Thursday, March 4, 2010

The Good, The Bad & The Ugly

I just posted before this under “Market Hesitating” that you should wait until we see some clarity. One exceedingly helpful way of looking for more clues as to the nature and health, or lack thereof, of the market is to investigate how the market’s leaders are doing.


Many pundits out there (think CNBC) may consider the big, established, well-known industry behemoths such as McDonald’s, General Electric or Microsoft are the market leaders.

Not so. Those big stocks don’t have that much upside anymore because they’ve matured. Their big growth days are behind them and stability (and dividends) are in front of them (or are they? Big leaders are also prone to failure in down markets, if our recent bear market did not remind you of that already, but that’s for a different posting).

The real market leaders that you want to key in on are the usually younger companies that have tremendous growth potential in front of them. I’ll focus in on five market leaders to give us a representation of the nature of market we are seeing right now.

These stocks are, FFIV, PCLN, GMCR, ATHR & WDC. These stocks can be known as The Good, The Bad and The Ugly. FFIV, PCLN and GMCR are The Good, while ATHR and WDC represent The Bad and The Ugly, respectively.

Let’s start with The Good. FFIV is one of the better moving stocks right now. The last three days of technical action just give me butterflies. Up each day, finishing at the top of the range and on increasing volume each day. This stock would have been a little tough to spot if you did a search since the sales only show a 15% increase in the most recent quarter, but its ratings are terrific, its balance sheet sound and its projections show great growth ahead. It deserves more research – but it’s now extended almost 9% from it’s $56.29 buy point, too far up to chase unless you get lucky with a pull-back while the market is in a rally still.

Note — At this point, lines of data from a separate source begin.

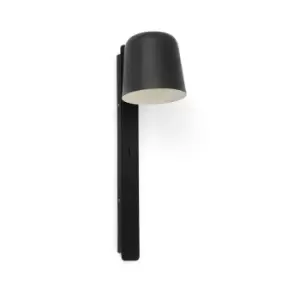 Image of Tila Black Down Wall Lamp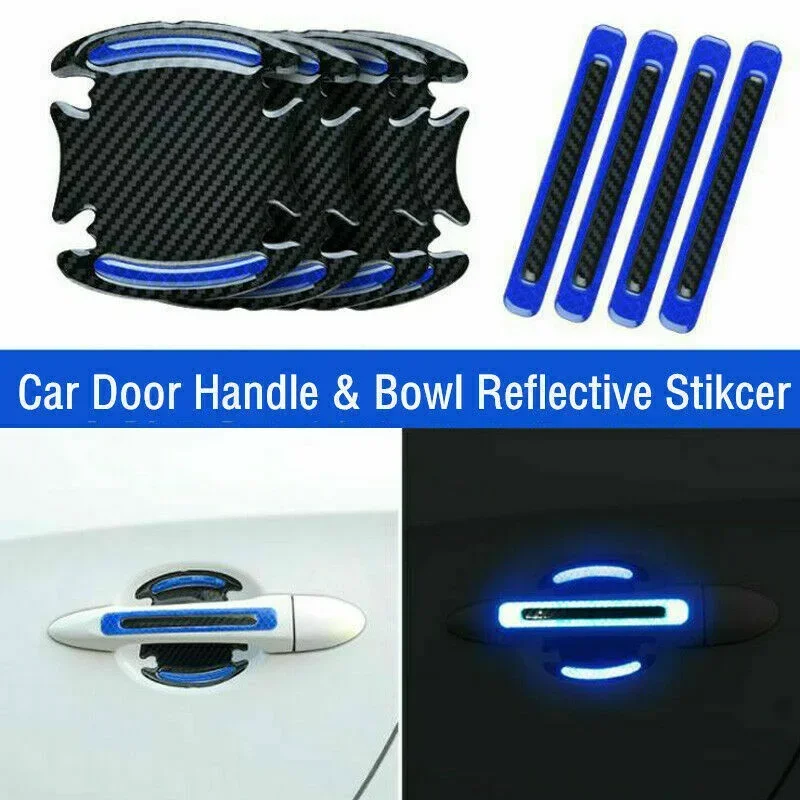 Auto Türgriff Reflektierende Aufkleber Schutz Aufkleber Türgriff Farbe Oberfläche Anti-scratch Reflektierende Aufkleber Auto Zubehör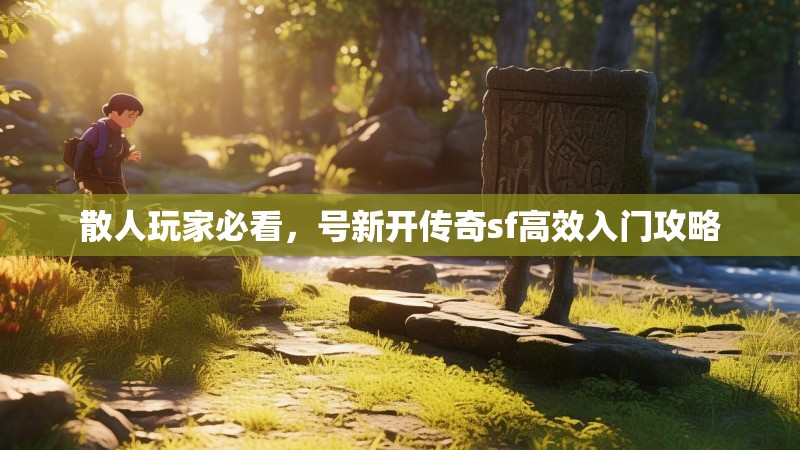 散人玩家必看，号新开传奇sf高效入门攻略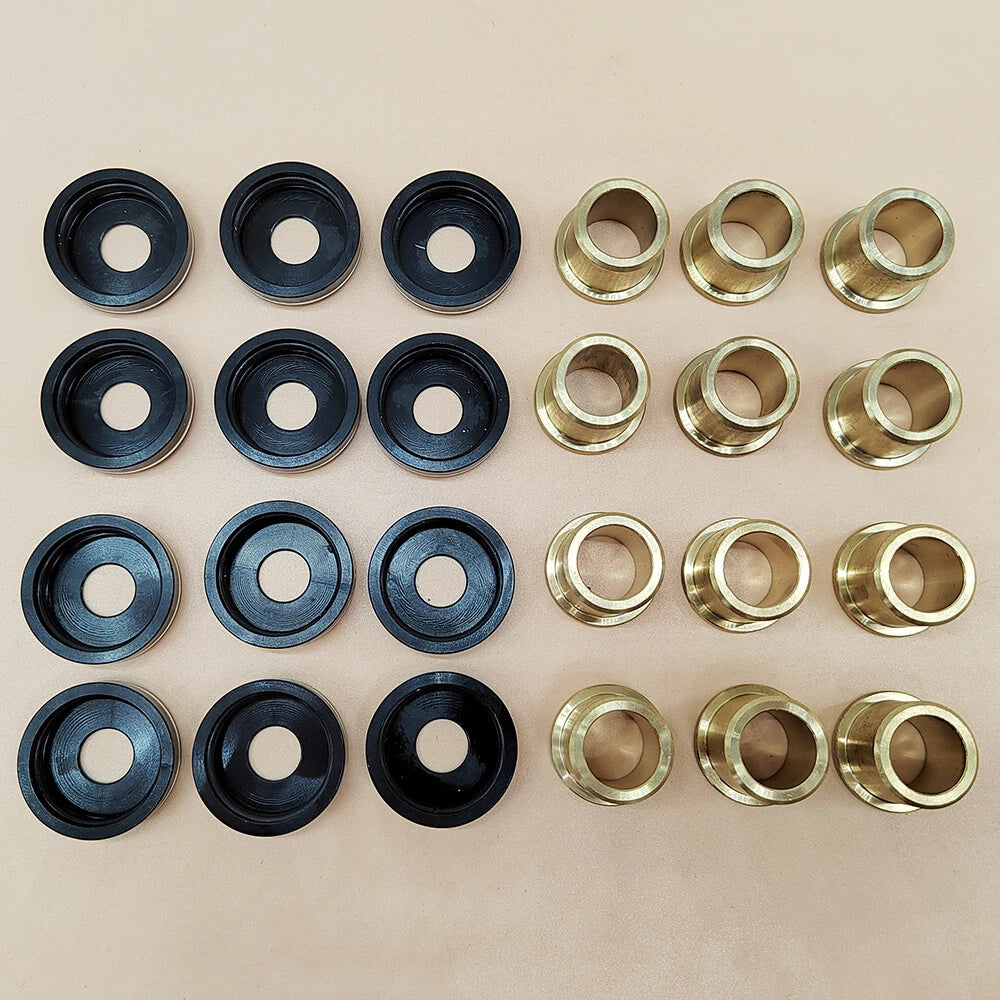 12PCS A-Arm Bushings & Dust Cover Caps Kit for Yamaha Blaster YFS200 (1988–2006)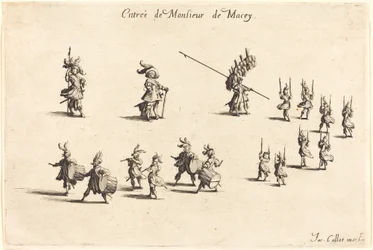 Intocht van M. de Macey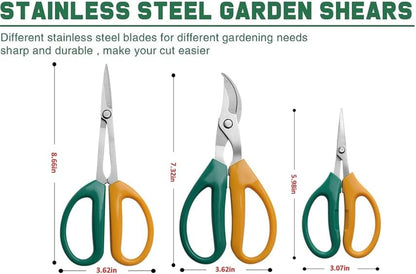 Garden Scissors Stainless Steel Garden Bonsai Pruning Shears (Classic)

PCLN and GMCR aren’t faring so well, but can still be considered among The Good since their action post break out is acceptable, if not great. Each stock has top-notch fundamentals and have led the market this year in technical action. PCLN is acting only slightly better. It broke out on good volume, but its next two days show hesitancy, just like the stock market as a whole. GMCR broke out on nice volume, but the next day’s action, as you can see on the chart, is a pull-back in softer trade. This is OK, but not great. You really want to see a nice follow-on day after a convincing break out.


ATHR, currently the role of The Bad, broke out on nice volume, but rose, then immediately fell the next day on big volume. From a technical point of view, the movement is an engulfing action as the day’s range is more than the break out day’s – this will give some technical chart readers a heart attack. If you are buying growth stocks on break outs, it’s not enough to panic, but it really calls for serious watching. It could reverse course, as I’ve certainly seen happen before, but for now, it’s bad action and really disappointing as it is a great stock in a hot, hot, hot industry group which has led this market (other stocks in the group include CREE, SNDK & VLTR).

WDC represents The Bad. It’s just bad because rather than rising in price and approaching its recent high, it is initiating a new leg down on heavy volume (just look at its weekly chart; bad down movement last week) and its relative strength line is sagging. It could eventually shape a double bottom base, but for now, the action is uninspiring.

The stocks mentioned here are a good snapshot of the market. They show some initial positive movement, then immediate stalling, just like the overall market. This process helps confirm what we see in the bigger picture and can help guide our decisions. For now, keep an eye out. Sure, some stocks like FFIV will succeed, but it looks like the odds are slightly against that kind of immediate strong action as they are few and far between even among stock market leaders. Things can change quickly, however, so keep developing your watch list as I am.